Histoire de la Poésie dramatique chez les Romains.

PAR un passage de Platon, dans le second livre des Lois; par les vases étrusques, sur lesquels on voit des cothurnes et des masques; et par Varron, qui nomme un poète qui avoit fait des tragédies toscanes, on juge que les spectacles dramatiques furent très-anciens dans l'Italie: mais les Romains, peu curieux des amusemens de l'esprit, les ignorèrent pendant plusieurs siècles.
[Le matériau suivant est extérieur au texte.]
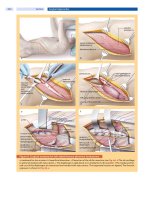 Spinal Disorders: Fundamentals of Diagnosis and Treatment Part 38 pot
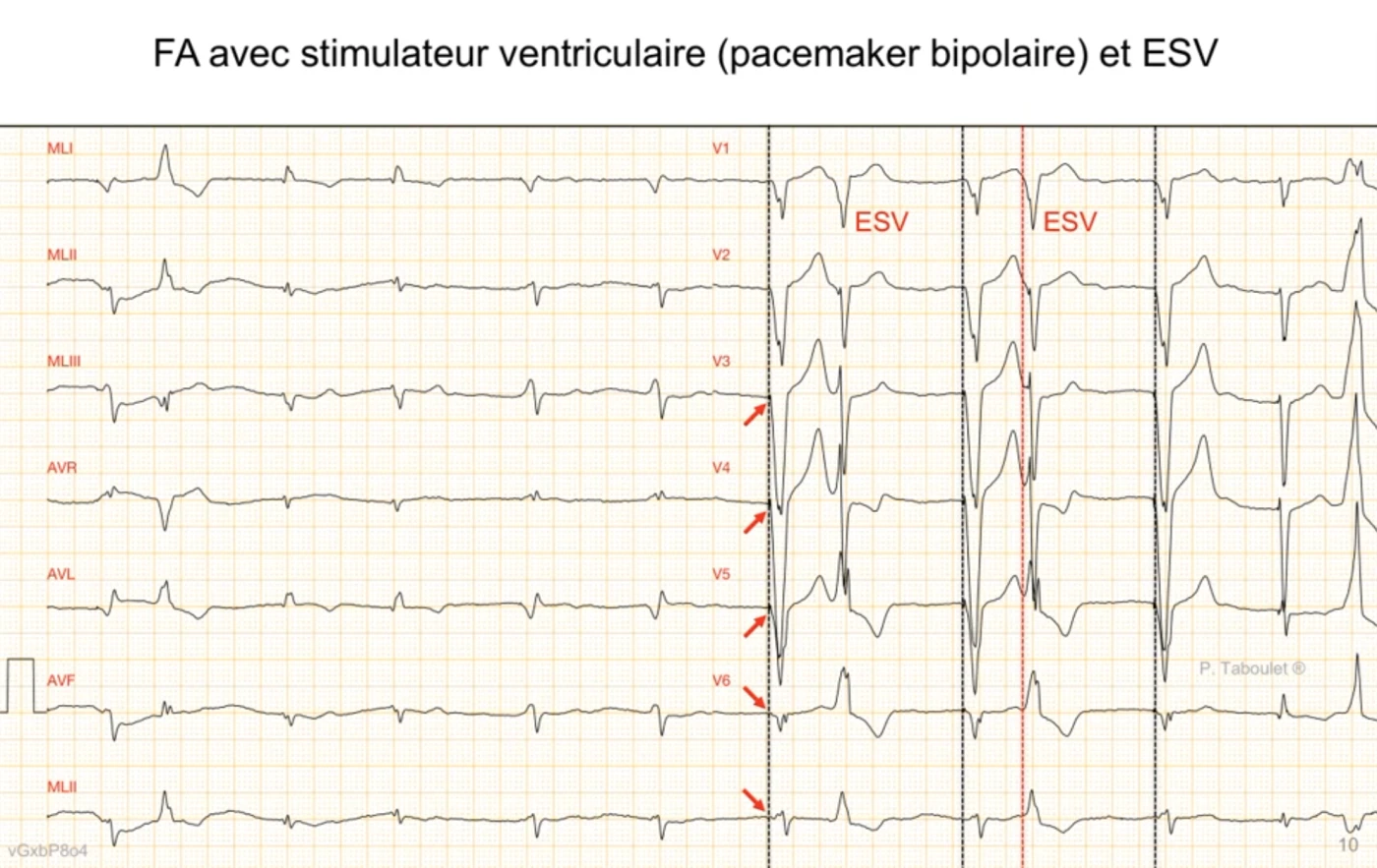 Fibrillation atriale avec extrasystoles ventriculaires multiples : la technique du front de dépolarisation initial montre que presque tous les QRS sont des ESV (retard gauche avec début crocheté en V1-V2 et absence d'onde R en V6, et une ESV retard droit à QRS triphasique empâté), un seul QRS étant supraventriculaire conduit ; les déflexions pointues sont des spikes d'ESV, le ventricule donnant le pace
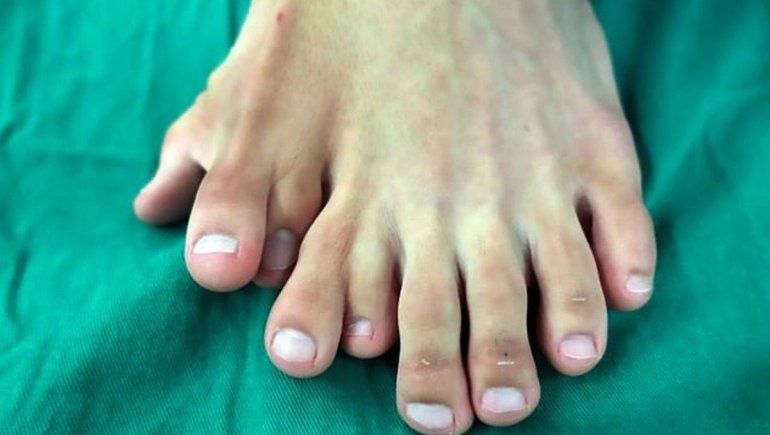 Un joven chino tenía nueve dedos en un pie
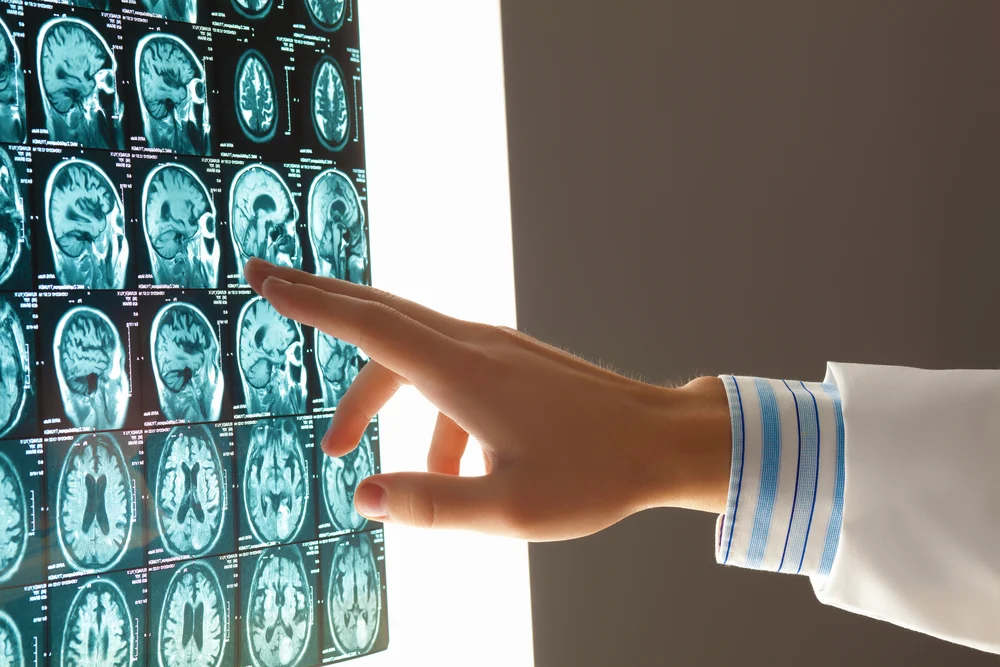 CT Scans: When Do You Need Contrast?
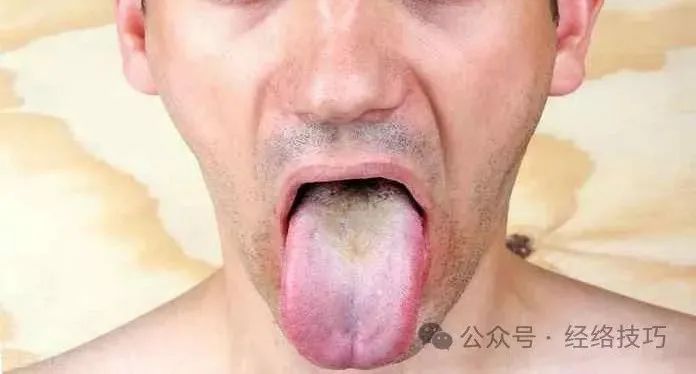 What is Yin Deficiency? A Comprehensive Explanation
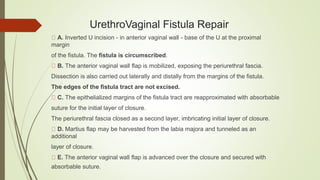 UrethroVaginal Fistula Repair
A. Inverted U incision - in anterior vaginal wall - base of the U at the proximal
margin
of the fistula. The fistula is circumscribed.
B. The anterior vaginal wall flap is mobilized, exposing the periurethral fascia.
Dissection is also carried out laterally and distally from the margins of the fistula.
The edges of the fistula tract are not excised.
C. The epithelialized margins of the fistula tract are reapproximated with absorbable
suture for the initial layer of closure.
The periurethral fascia closed as a second layer, imbricating initial layer of closure.
D. Martius flap may be harvested from the labia majora and tunneled as an
additional
layer of closure.
E. The anterior vaginal wall flap is advanced over the closure and secured with
absorbable suture.
 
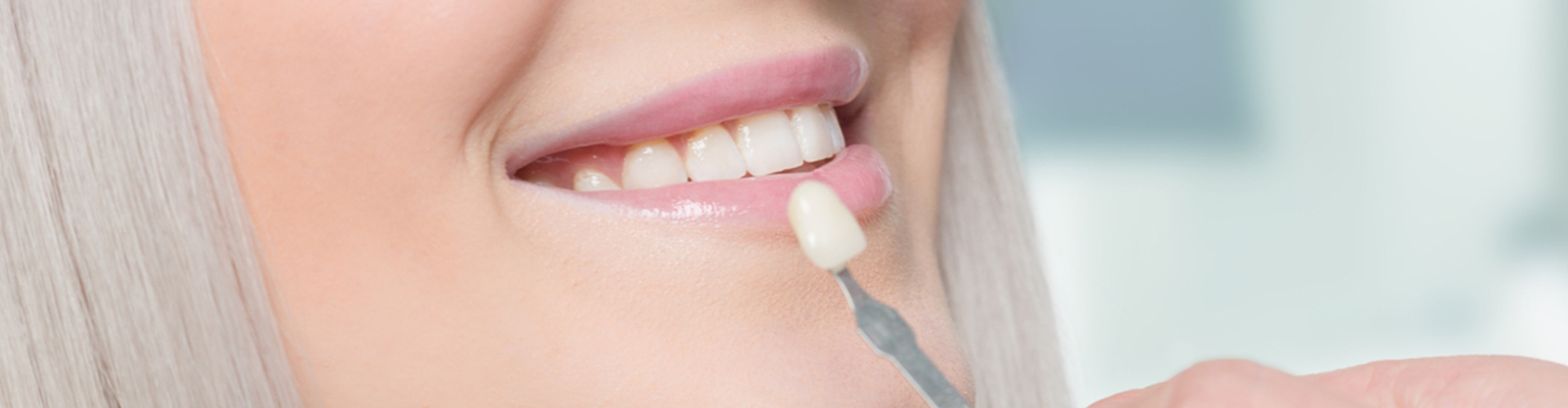 comparing veneer shade to a patient's teeth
La religion, ou, pour mieux m'exprimer, la superstition, donna, chez les Romains, comme chez les Grecs, la naissance à des représentations publiques. Elles commencèrent par des jeux bouffons sur un théâtre ; spectacle très-nouveau pour un peuple belliqueux, dit Tite-Live: Nova res bellicoso populo. Les Romains, pour faire cesser la peste qui les affligeoit, introduisirent une nouvelle peste bien plus dangereuse, suivant saint. Augustin: Novam pestem..... quod est multo perniciosius moribus, intulerunt. Ils s'imaginèrent que des jeux sur un théâtre apaiseroient la colère des dieux ils firent venir des baladins de Toscane; et leurs jeux n'ayant point calmé la peste, on chercha un autre remède. Un clou fut enfoncé par la main d'un dictateur au côté droit du temple de Jupiter. Telle étoit alors la stupidité des Romains.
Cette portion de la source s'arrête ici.